Sometimes less is more, and this is very much the case this Sunday afternoon when seven fine string players from the SCO present a superb concert at the Queen’s Hall. They are led by Benjamin Marquise Gilmore, violin, along with Ruth Crouch, Fiona Winning and Felix Tanner, viola; Phillip Higham and Su-a Lee, cello; and Nikita Naumov, Double Bass. It is soon obvious that these orchestra members are not only superb musicians, but are used to playing with each other: they are in perfect harmony.

The concert begins with a string quintet written by Dvořák in 1875, and unusually for a quintet, the fifth instrument is a double bass. This gives the quintet a depth and resonance that makes it sound very different from a normal quintet. This is helped by the very delicate and expressive playing of bass player Naumov. This is particularly true in the opening movement, and later on in the slow movement, when at times the quintet sound more like a small orchestra. Dvořák, as he often does, uses folk song melodies but combines these with broad romantic themes, and this makes it a very special work.

The concert continues with Bartók’s Romanian Folk Dances written in 1915. Here, he uses part of his extensive collection of Central European folk songs and tunes. The musicians have great fun recreating the various dances Bartók used.

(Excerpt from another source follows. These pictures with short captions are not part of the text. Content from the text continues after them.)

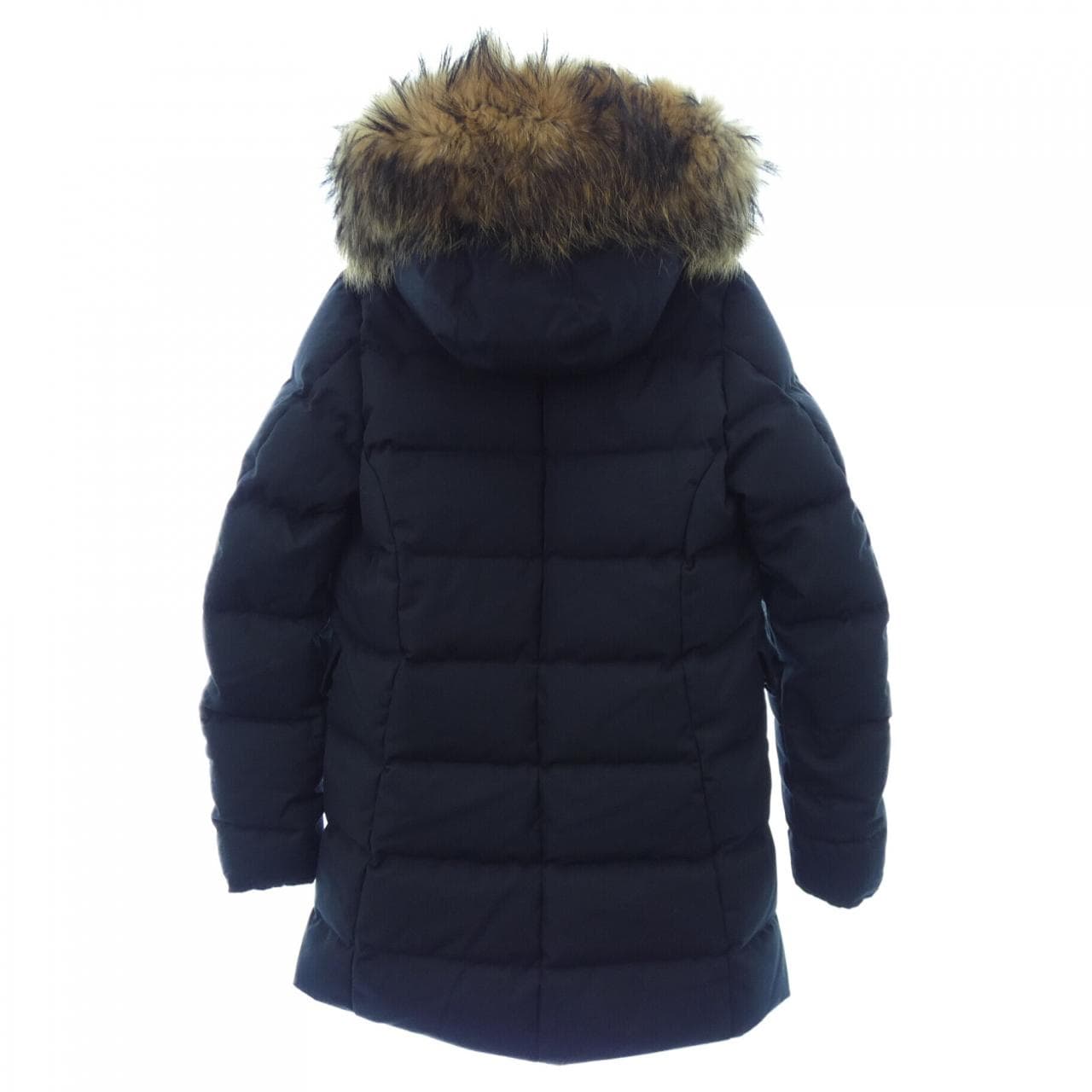 ピレネックス PYRENEX ダウンコート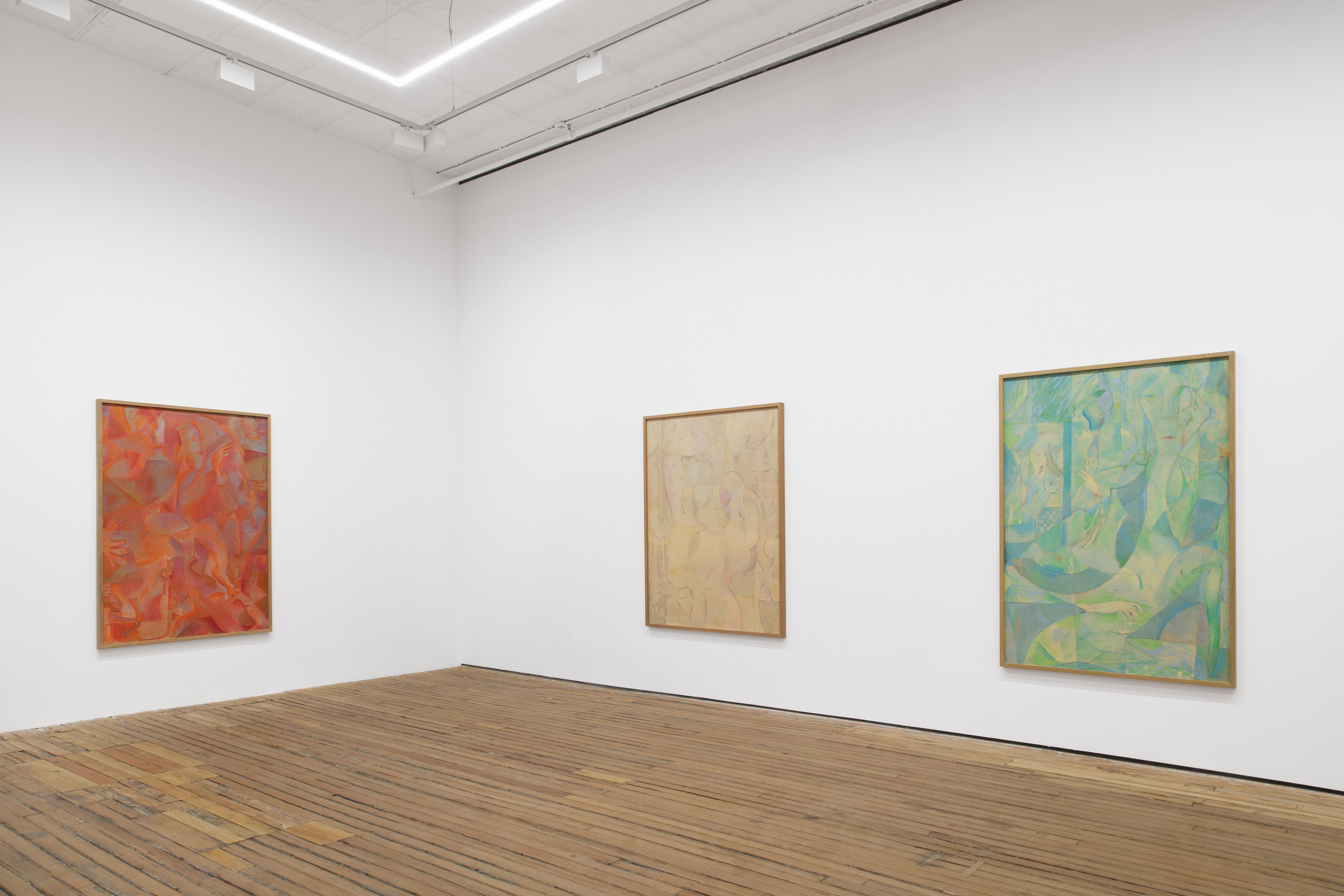 Volker Hüller, L.I.T.S. at Grimm, photo 11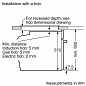 Bosch HJG852YT0T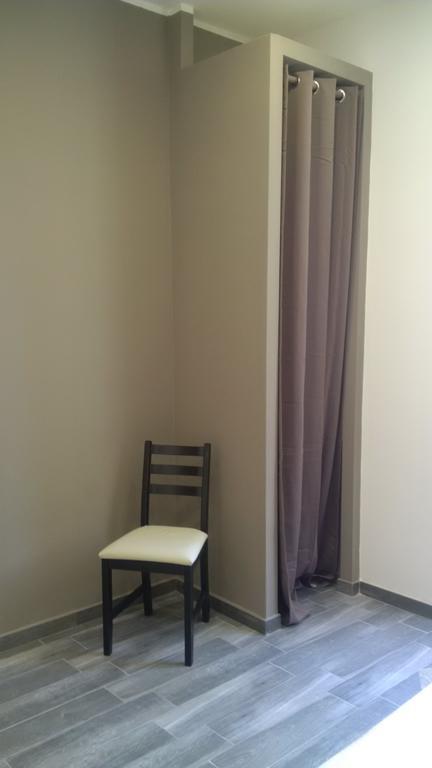 Mi.Ro Rooms Rome Buitenkant foto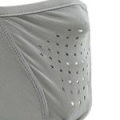 Защитная маска Simms Bugstopper Sungaiter, Smoke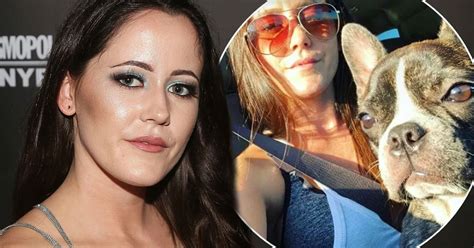 Teen Mom Star Jenelle Evans Made Up Story About Husband Shooting Their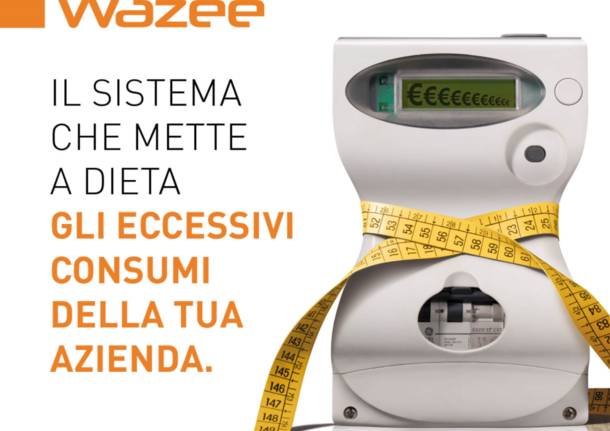 Monitoraggio Energetico Castellanza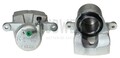 Bremssattel Bremszange Budweg Caliper Vorne Rechts für Toyota RAV 4 II 2000 -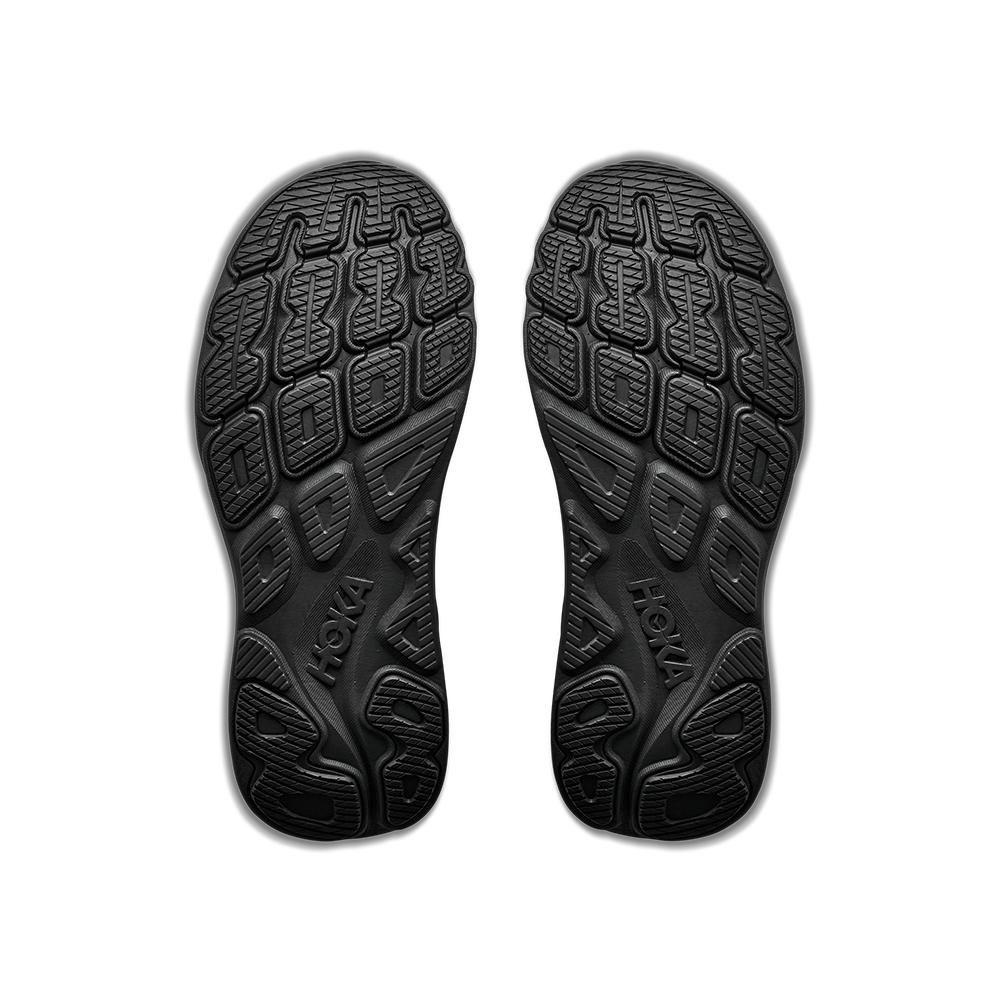 Zapatillas de running de mujer RINCON 5 HOKA - Negro Negro-3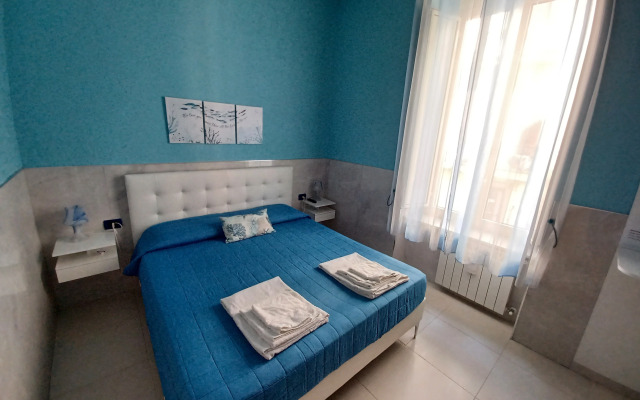 B&B Quattro Palazzi Napoli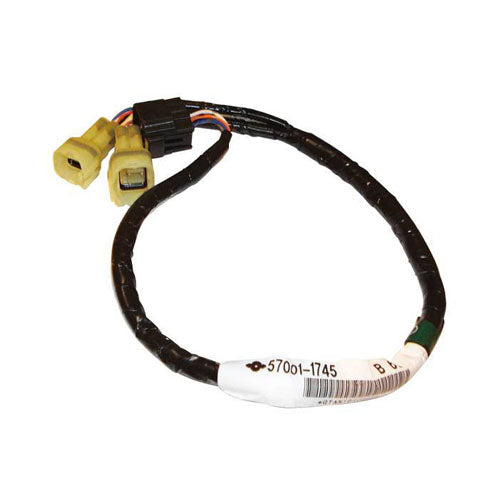 Kawasaki OEM Communication Cable 6/4/6-Pin - 2010 JT1500EAF/FAF/GAF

The concert concludes with a very different work, Strauss’s Metamorphosen composed in 1945. It was motivated by the destruction of Munich’s opera house in 1943, which Strauss felt marked the end of his musical life. So when he was commissioned to write a new work, he chose a soulful theme from Beethoven’s Eroica symphony, which he marked “In Memoriam” to mark the demise of Munich and Germany’s cultural life. Scored originally for twenty-three musicians, the seven members of the SCO create an impressive sound, and convey the angst of Strauss, but also the hope for the future. It is a perfect afternoon, warmly received by a big Queen’s Hall audience.